WHAT IS EXPECTED: Drop every picture, then print the rest of the listing exactly as given.

SUPPLIED DATA:

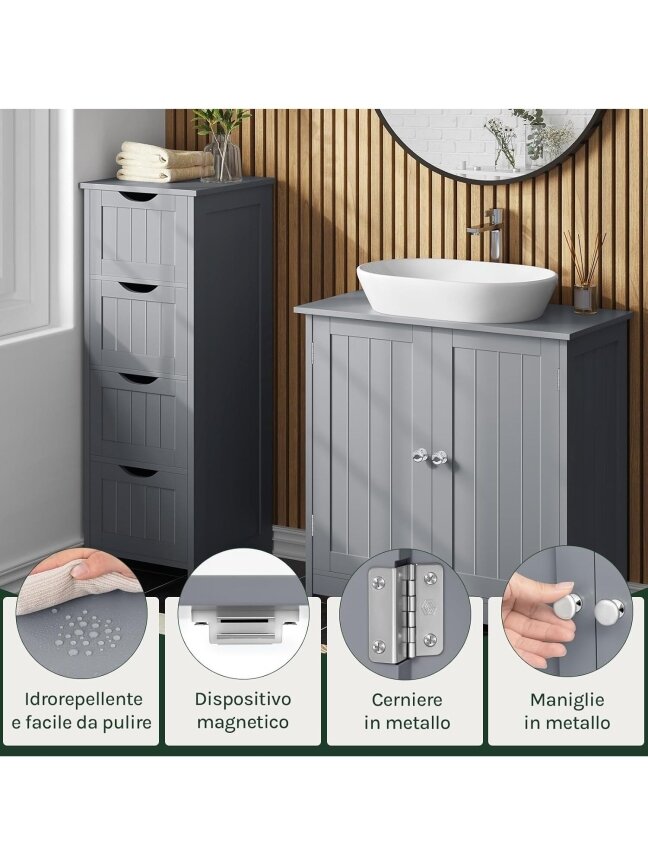 Bathroom cabinet under sink, light grey color, 60 x 30 x 60 cm. 5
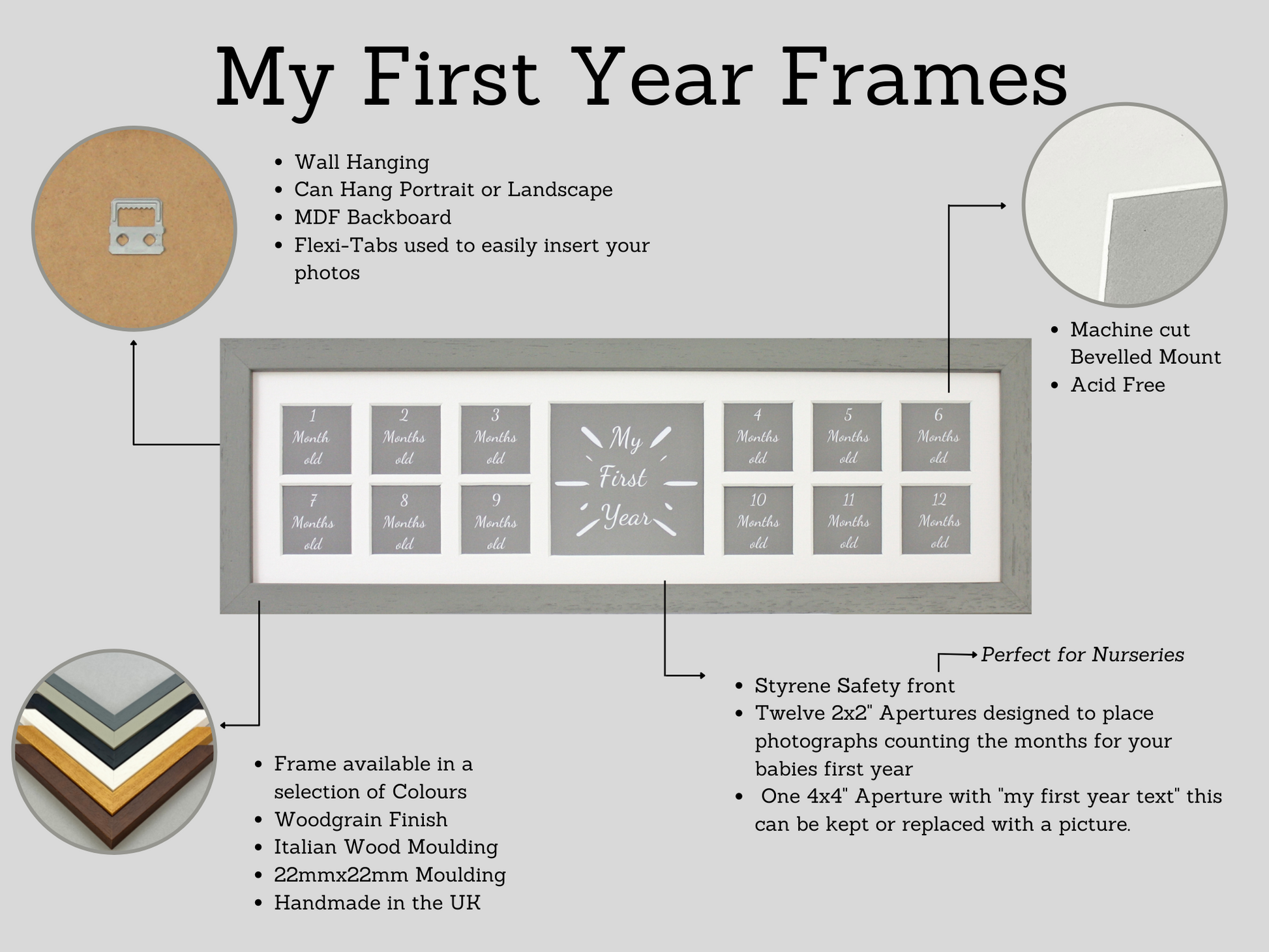 Baby's First Year - Multi Aperture Photo Frame. 15x50cm - PhotoFramesandMore - Wooden Picture Frames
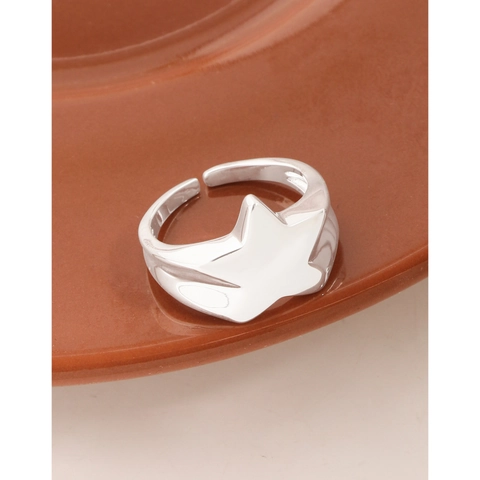 925 Sterling Silver Star Open Ring For Women Minimalist Geometric Adjustable Finger Ring High Quality Fashion Jewelry Finger Decor
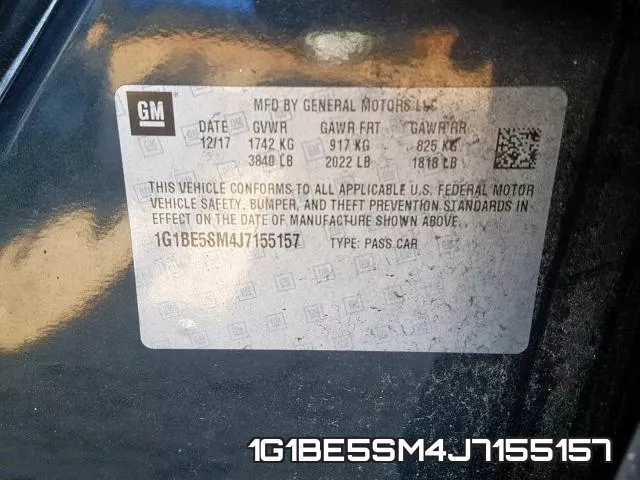 1G1BE5SM4J7155157 фото 2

TASK RESULT:
 Bathroom cabinet under sink, light grey color, 60 x 30 x 60 cm. 5
 Baby's First Year - Multi Aperture Photo Frame. 15x50cm - PhotoFramesandMore - Wooden Picture Frames
 925 Sterling Silver Star Open Ring For Women Minimalist Geometric Adjustable Finger Ring High Quality Fashion Jewelry Finger Decor
 1G1BE5SM4J7155157 фото 2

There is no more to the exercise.